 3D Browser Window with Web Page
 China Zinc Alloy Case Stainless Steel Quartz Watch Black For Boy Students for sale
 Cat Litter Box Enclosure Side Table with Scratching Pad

# What you should do
The data above should be returned exactly as written.

# Reply to the exercise
 3D Browser Window with Web Page
 China Zinc Alloy Case Stainless Steel Quartz Watch Black For Boy Students for sale
 Cat Litter Box Enclosure Side Table with Scratching Pad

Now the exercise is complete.